Uptick in Auto Loans Increases Need for Collateral Protection Insurance

After several years of stagnation, auto loans are finally seeing an uptick. US Banker reported [See US Banker Article] that new U.S. car sales jumped 17 percent in January 2011 compared with the same month a year earlier. The average amount financed also rose over $200, to $25,789, for new cars, and over $700, to $16,992, for used ones.

However, as the number of loans increases, so does the number of charge-offs. And unfortunately, the average auto loan charge-off is nearly $7,000, putting lenders at increased risk of loss as their portfolios grow.
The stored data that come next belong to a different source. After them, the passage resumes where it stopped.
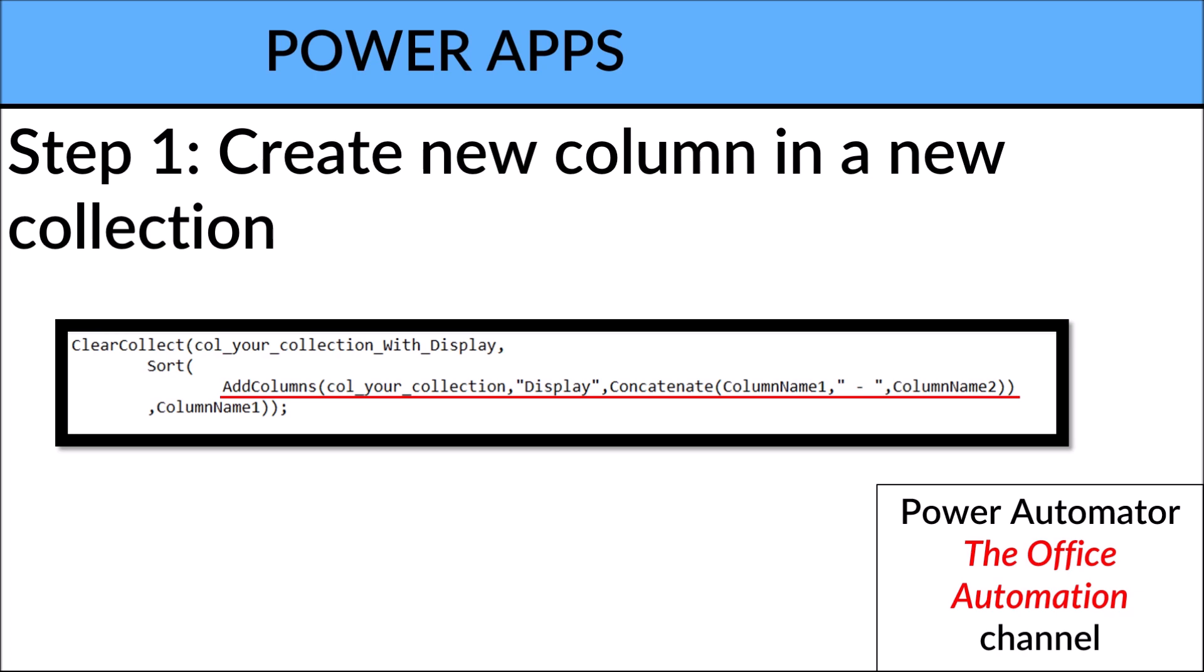Collect your collection, and then the new column name will be Display. And what is in the Display is I will concatenate my column name one, which should be the ID column, and then a dash, and then column name two will be your description column.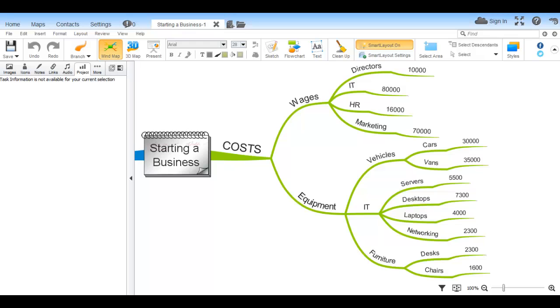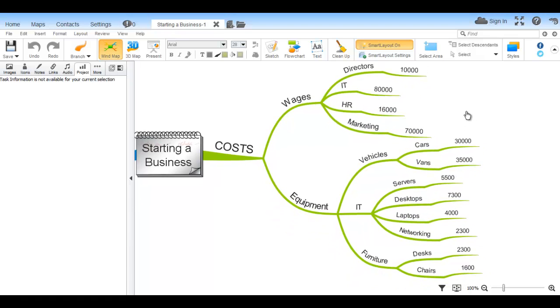Exporting to a spreadsheet is designed to total up all of the numerical values on your branches. To do this, ensure that the figures are on a separate branch at the end and that you only use numerical figures, not things such as currency symbols, just like this map here.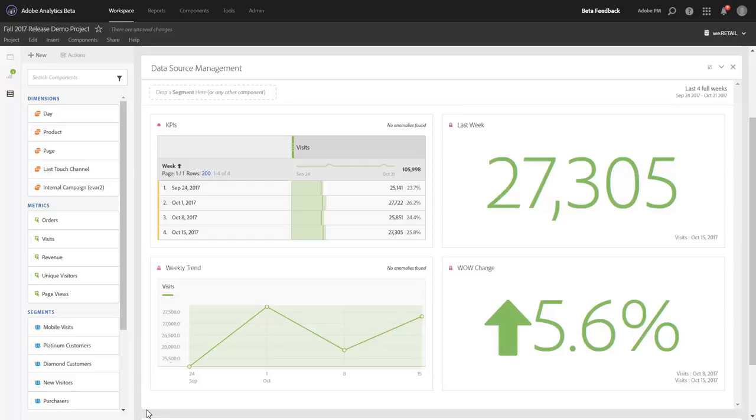Hi, this is Jen Lasser with Adobe Analytics Product Management. In this video, I'm going to demonstrate some new data source improvements we've made to freeform tables and cohort tables.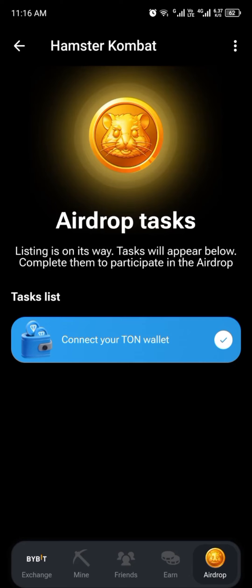Hello guys, welcome. In my last video on Hamster Combat, I made a comment that it is better to use your Tonkeeper wallet for airdrops instead of Telegram wallet, so you don't lose your funds if something happened to your Telegram. So if you want to disconnect your Telegram wallet and reconnect your Tonkeeper, or any other TON wallet, to your Hamster Combat, I will show you how to do that in this video.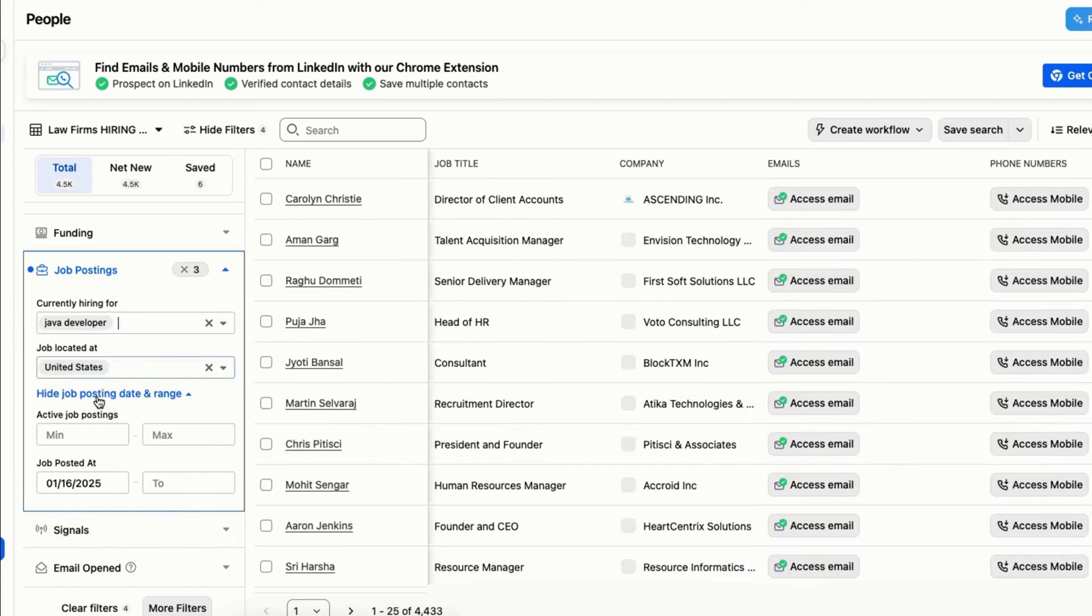That's how you can effectively use Apollo.io for job searching. That's it for this video, thank you.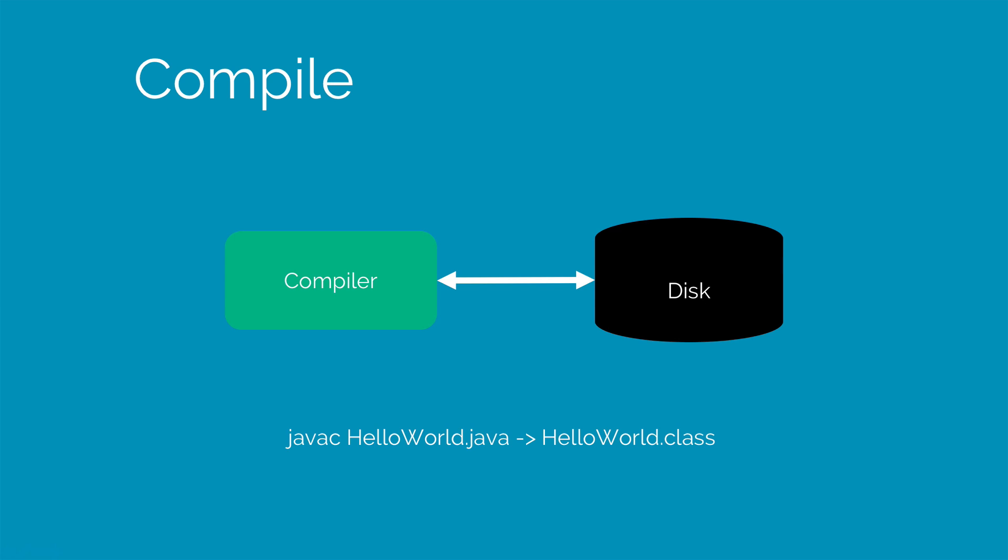In simple words, if you wrote a program on Windows and you generated bytecodes out of that which is the HelloWorld.class file and if you try to run the same class file on the Mac, it will still work because JVM will handle the process of translating stuff across machines which is why Java is platform independent in the first place.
A collateral protection insurance (CPI) program is your best safeguard against auto loan loss. It can pay for physical damage or a total loss of uninsured collateral, and provide ancillary coverages such as repossession and skip. CPI programs can also be structured to pay you an administrative reimbursement (or a commission to a licensed agency) to offset the costs of administering the program. And, today's CPI programs are easy to implement as well as administer, freeing you to focus on servicing your growing book of auto loans.

CPI is a smart choice in any auto lending market by providing valuable protection against loss. In a growing, competitive market, CPI can also help you gain competitive advantage by enabling you to manage your portfolio at peak efficiency.